[Brief descriptive captions]
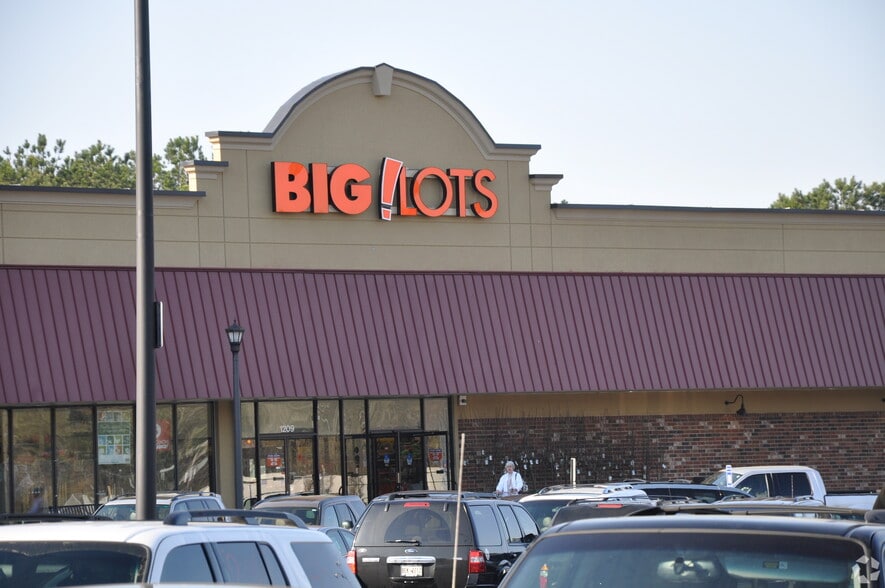 1119-1217 W Spring St, Monroe, GA à louer - Photo du bâtiment - Image 3 de 6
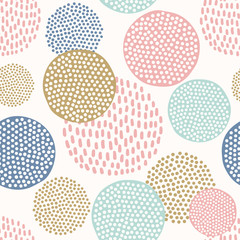 Scandinavisch naadloos patroon met kleurrijke gestippelde cirkels op witte achtergrond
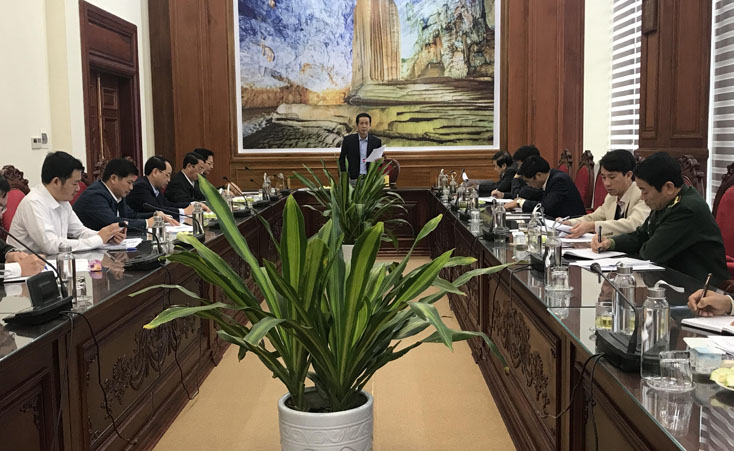 Đồng chí Chủ tịch UBND tỉnh Trần Công Thuật phát biểu kết luận phiên họp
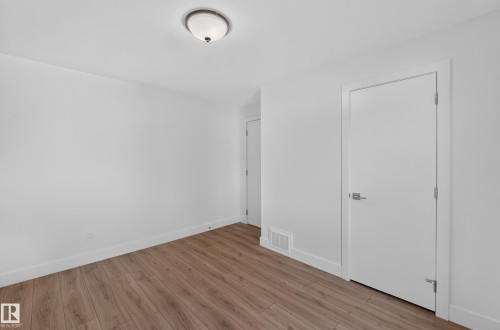 12306 95 Street Nw, Edmonton, AB - Indoor Photo Showing Other Room
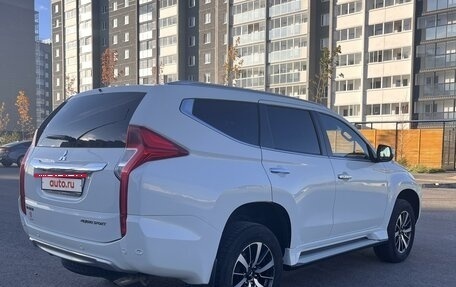 Mitsubishi Pajero Sport III рестайлинг, 2017 год, 3 550 000 рублей, 3 фотография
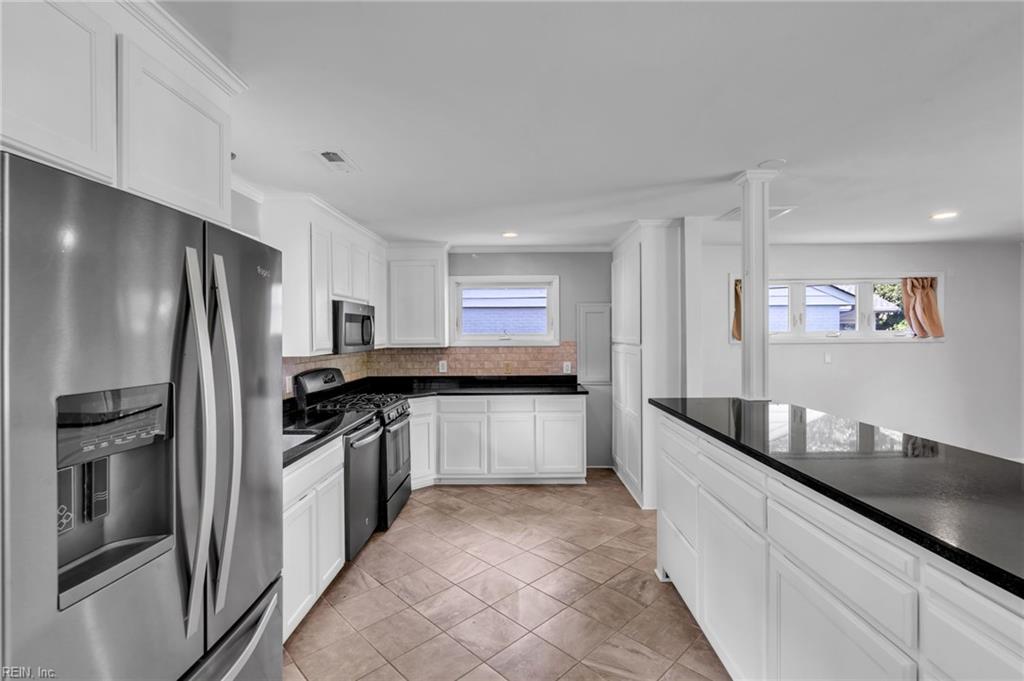 6 Downing Place Newport News VA 23606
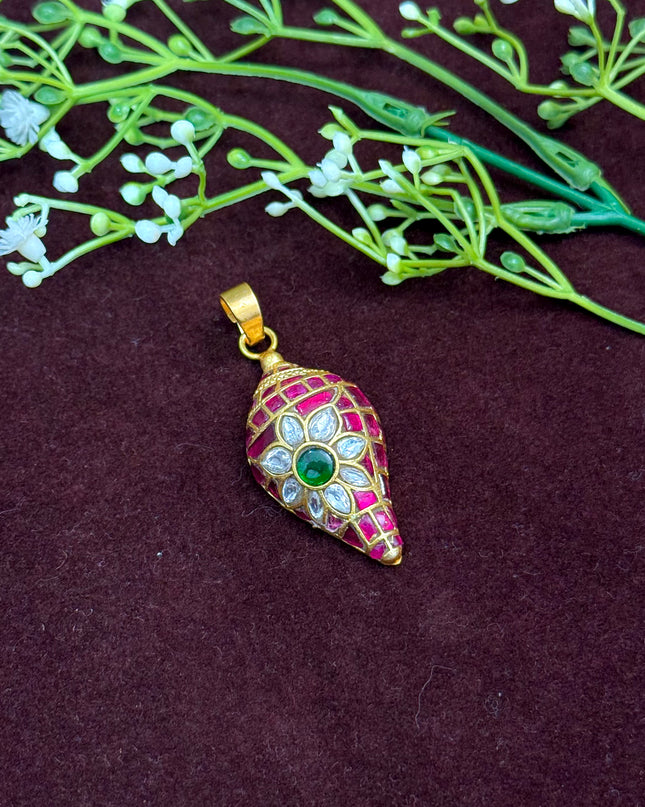 Kundan Pendant 105689
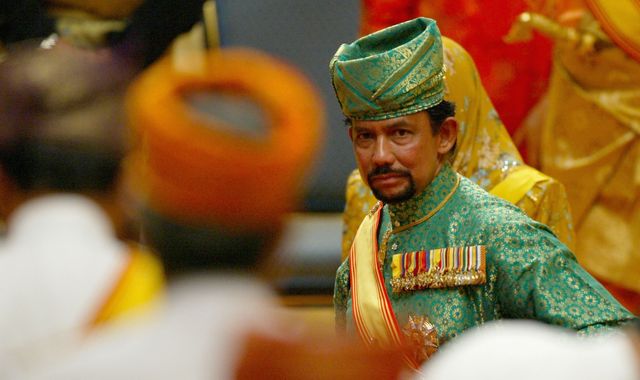 Sultan of Brunei returns Oxford degree after backlash to anti-gay laws Sultan of Brunei returns Oxford degree after backlash to anti-gay laws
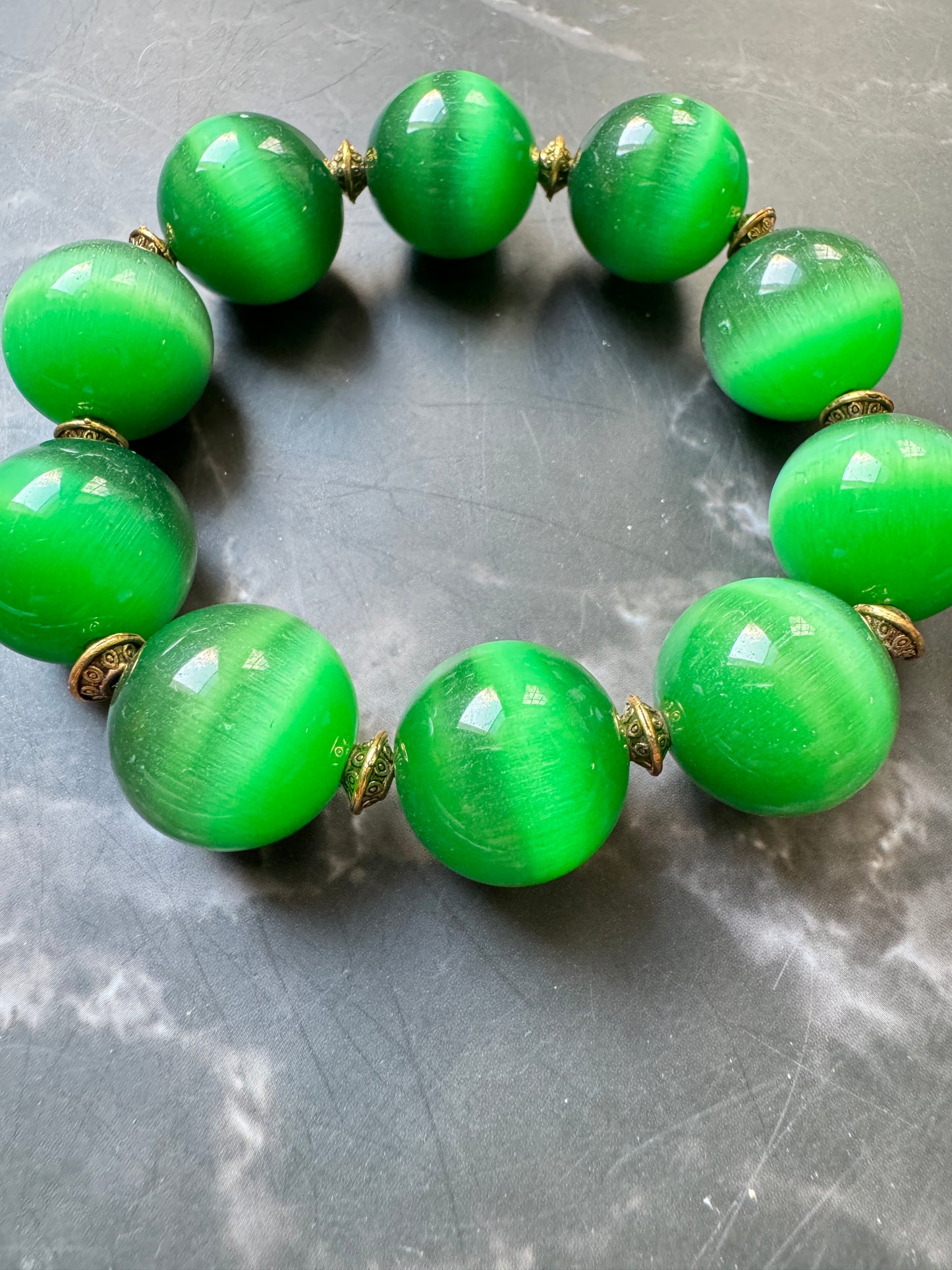 Green Cat-eyes Glass Beads Bracelet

### WHAT THE TASK REQUIRES
Reproduce the data word for word, excluding its pictures.

### ANSWER
 1119-1217 W Spring St, Monroe, GA à louer - Photo du bâtiment - Image 3 de 6
 Scandinavisch naadloos patroon met kleurrijke gestippelde cirkels op witte achtergrond
 Đồng chí Chủ tịch UBND tỉnh Trần Công Thuật phát biểu kết luận phiên họp
 12306 95 Street Nw, Edmonton, AB - Indoor Photo Showing Other Room
 Mitsubishi Pajero Sport III рестайлинг, 2017 год, 3 550 000 рублей, 3 фотография
 6 Downing Place Newport News VA 23606
 Kundan Pendant 105689
 Sultan of Brunei returns Oxford degree after backlash to anti-gay laws Sultan of Brunei returns Oxford degree after backlash to anti-gay laws
 Green Cat-eyes Glass Beads Bracelet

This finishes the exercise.